Les procès de Praque sont un signal pour le monde entier de ce renversement d’alliance, d’autant plus qu’il fallait faire oublier que depuis la fin mars 1948, Staline avait fait livrer à la Hagana (organisation sioniste armée qui préfigurait la future armée israélienne) par les dirigeants communistes de Prague Gottwald et Slansky, de grandes quantités d’armement, y compris chars et avions. Au cours d’une première phase, en avril-mai 1948, les armes tchèques permettent aux forces juives de mettre en œuvre le plan Dalet et de s’emparer ainsi de la plupart des grandes villes arabes. Ainsi équipée, la Hagana s’engage dans la bataille pour « nettoyer » la route de Jérusalem, au cours de laquelle se produira le premier grand massacre : celui de Deir Yassine, le 9 avril 1948. Dans une seconde phase, les armes tchèques aideront le jeune Israël à faire face simultanément aux cinq contingents arabes : égyptien, irakien, syrien, libanais et surtout transjordanien. Les livraisons d’armes tchécoslovaques se poursuivront jusqu’en février 1951. Au total, estime Laurent Rucker, pendant la seule première année, Prague livrera 25 000 fusils Mauser, 60 millions de cartouches 10 000 baïonnettes, 5 000 mitrailleuses légères, 880 mitrailleuses lourdes, 250 pistolets, 22 tanks, 1 million de cartouches antichar, 84 avions de combat et près de 10 000 bombes…

Ultime ironie, Slansky qui avait été celui qui le premier lança la « chasse aux titistes » avec une première vague d’arrestations de dirigeants, sera à son tour éliminé par Gottwald et se retrouvera dans le box des accusés avec certains de ceux qu’il avait fait arrêter !

Si quelques esprits conscients – dont nos compagnons de la CNT-AIT – dénoncèrent clairement le caractère antisémite de ces procès – et ce à peine 7 ans après la libération des survivants des camps de la mort ! – le Parti Communiste Français qui régnait alors en maître sur la Gauche s’obstinait à nier l’évidence, en appuyant les procès et en continuant à chanter les louanges de Staline et du stalinisme.

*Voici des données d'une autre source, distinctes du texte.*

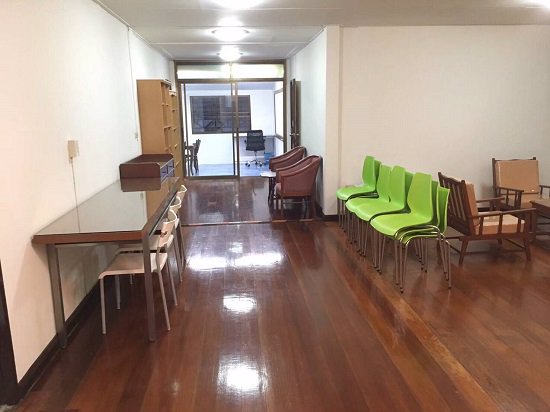 ขายบ้านเดี่ยว-2-ชั้น-สังคมสงเคราะห์-ลาดพร้าว-71-นาคนิวาส-ขายพร้อมผู้เช่า60000-เดือน-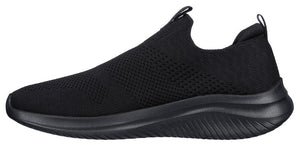 SKECHERS ULTRA FLEX 3.0 - DEMCHECK - Footcourt Egypt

Ce n’est qu’en 1969, que le livre L’Aveu du survivant des procès Arthur LONDON puis, en 1970, le film que Costa-Gavras en tira, permettront de démolir le procès de Prague et ses méthodes centrées (comme celles de l’Inquisition) sur l’obtention de l’aveu, la « reine des preuves », disait Vichynski, le procureur des procès de Moscou.